AAAI Conference 2022 Conference Paper

Zeroth-Order Optimization for Composite Problems with Functional Constraints

  • Zichong Li
  • Pin-Yu Chen
  • Sijia Liu
  • Songtao Lu
  • Yangyang Xu

In many real-world problems, first-order (FO) derivative evaluations are too expensive or even inaccessible. For solving these problems, zeroth-order (ZO) methods that only need function evaluations are often more efficient than FO methods or sometimes the only options. In this paper, we propose a novel zeroth-order inexact augmented Lagrangian method (ZO-iALM) to solve black-box optimization problems, which involve a composite (i. e. , smooth+nonsmooth) objective and functional constraints. This appears to be the first work that develops an iALM-based ZO method for functional constrained optimization and meanwhile achieves query complexity results matching the best-known FO complexity results up to a factor of variable dimension. With an extensive experimental study, we show the effectiveness of our method. The applications of our method span from classical optimization problems to practical machine learning examples such as resource allocation in sensor networks and adversarial example generation.

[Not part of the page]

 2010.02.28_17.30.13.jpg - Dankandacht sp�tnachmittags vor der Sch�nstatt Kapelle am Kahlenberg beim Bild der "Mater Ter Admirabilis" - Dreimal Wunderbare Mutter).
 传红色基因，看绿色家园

ICML Conference 2020 Conference Paper

Transformer Hawkes Process

  • Simiao Zuo
  • Haoming Jiang
  • Zichong Li
  • Tuo Zhao
  • Hongyuan Zha

Modern data acquisition routinely produce massive amounts of event sequence data in various domains, such as social media, healthcare, and financial markets. These data often exhibit complicated short-term and long-term temporal dependencies. However, most of the existing recurrent neural network based point process models fail to capture such dependencies, and yield unreliable prediction performance. To address this issue, we propose a Transformer Hawkes Process (THP) model, which leverages the self-attention mechanism to capture long-term dependencies and meanwhile enjoys computational efficiency. Numerical experiments on various datasets show that THP outperforms existing models in terms of both likelihood and event prediction accuracy by a notable margin. Moreover, THP is quite general and can incorporate additional structural knowledge. We provide a concrete example, where THP achieves improved prediction performance for learning multiple point processes when incorporating their relational information.